Since the reimbursement mechanism is not in place, it is essential that hospitals continue to appeal Part A claims denied due to medical necessity when services allegedly are provided in the wrong setting – and, in the alternative, to seek Part B reimbursement. A consistent effort by the healthcare industry will help to encourage CMS to implement a mechanism for Part B reimbursement that not only reaches beyond the rebilling demonstration program, but also maintains hospitals’ due-process rights to appeal Part A inpatient denials.

The demonstration programs announced late last year reflect the current state of the Medicare program and the federal government’s extensive efforts to curb improper payments to providers.  However, they also reflect the need for hospitals to individually and collectively seek Part B reimbursement in the context of Part A claims denied for medical necessity.

About the Authors

Andrew B. Wachler is the principal of Wachler & Associates, P.C.  He graduated Cum Laude from the University of Michigan in 1974 and was the recipient of the William J. Branstom Award. He graduated Cum Laude from Wayne State University Law School in 1978. Mr. Wachler has been practicing healthcare and business law for over 25 years and has been defending Medicare and other third party payor audits since 1980.  Mr. Wachler counsels healthcare providers and organizations nationwide in a variety of legal matters.  He writes and speaks nationally to professional organizations and other entities on a variety of healthcare legal topics.

Jessica Lange is an associate at Wachler & Associates, P.C.  Ms.
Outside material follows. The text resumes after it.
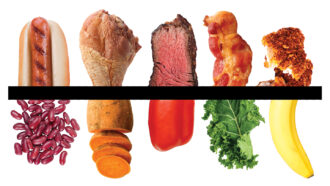 Collage of meat and vegetables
Lange dedicates a considerable portion of her practice to defending healthcare providers and suppliers in the defense of RAC, Medicare, Medicaid and third party payer audits.  Her practice also includes the representation of clients in Stark, anti-kickback, and fraud and abuse matters.

Contact the Authors




[1] Interestingly, hospitals subject to the pre-payment review demonstration program that also are enrolled in the Part A-to-Part B Rebilling Demonstration Program will not be able to appeal pre-payment review denials of inpatient short-stay claims, but only will be able to rebill them through the Part A-to-Part B Rebilling Demonstration Program.

[2] The Recovery Audit Pre-Payment Review Demonstration Program’s implementation was delayed on Dec.30, 2011.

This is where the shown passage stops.